Judge of the European Court of Justice
- In office 2000–2006

Personal details
- Born: 29 August 1948 (age 78) Oer-Erkenschwick, Germany
- Education: LMU Munich
- Occupation: Judge, legal scholar
- Known for: First female German judge at the ECJ

= Ninon Colneric =

German judge

Ninon Colneric (b. 29 August 1948, Oer-Erkenschwick) is the first female German judge at the European Court of Justice (2000-2006). Before joining the ECJ, she served as President of the Landesarbeitsgericht Schleswig-Holstein and worked extensively on European and international labour-law reform projects.

==Education==

Colneric graduated from the Municipal Modern Language Girls' Grammar School in Datteln in 1967. In 1967/1968, she studied German language and literature and philosophy at the University of Tübingen with the aim of becoming a teacher.

In 1972, she passed her first state law examination at LMU Munich with a grade of "good".

In 1973 and 1974, she conducted research for her dissertation in Great Britain and was a visiting scholar at the London School of Economics.

From March 1974, she completed her legal clerkship in Bavaria and was a research assistant at the Institute for European and International Economic Law at LMU Munich in 1974/1975. In 1976, she passed her second state law examination in Munich, receiving a grade of "fully satisfactory".

She studied legal science in Tübingen, Munich and Geneva. In 1977, she received her doctorate with summa cum laude honours. In 1978, she was awarded the Faculty Prize by LMU Munich for her dissertation. As a student and doctoral candidate, Colneric received funding from the German Academic Scholarship Foundation.

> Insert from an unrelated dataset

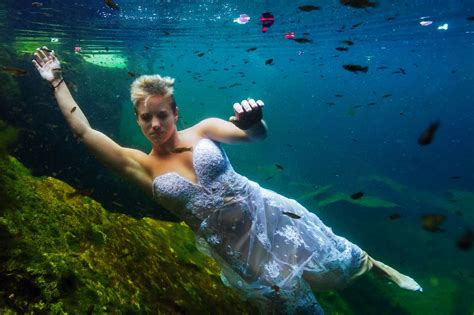 Underwater Trash-the-Wedding-Dress Shoot | POPSUGAR Love & Sex Photo 79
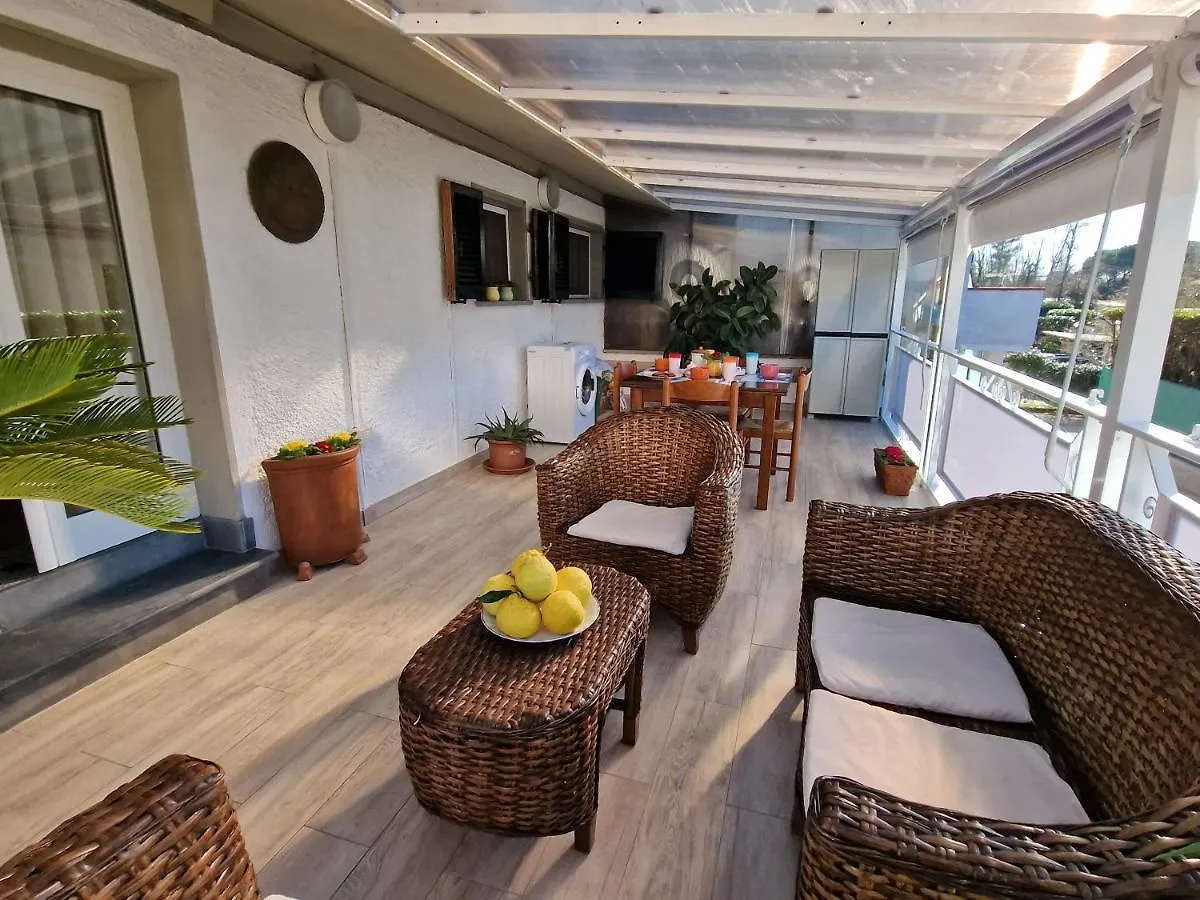 Apartment Tra Forte Dei Marmi E Marina Di Massa - Il Melograno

She was authorised, by the University of Bremen, to teach labour law, sociology of law and social law.

== Career ==

She was professor ad interim at the faculty of law of the universities of Frankfurt, and Bremen. She was a judge at the Labour Court (Arbeitsgericht) Oldenburg (1986-1989). She was president of the Landesarbeitsgericht Schleswig-Holstein (1989-2000). She collaborated, as an expert, on the European Expertise Service (European Union) project for the reform of the labour law of Kirghizstan (1994 to 1995). She was an honorary Professor at the University of Bremen in labour law, specifically in European labour law.

From 2000 until 2006 she was the first female German judge at the European Court of Justice. From 2008 until 2011 she became Co-Dean at the China-EU School of Law, a cooperative project between a consortium of European universities and the China University of Political Science and Law.

Since 2018 she is member of the Whistleblower-Netzwerk e.V., and since 2020 a member of the advisory board of the Institute for Secular Law.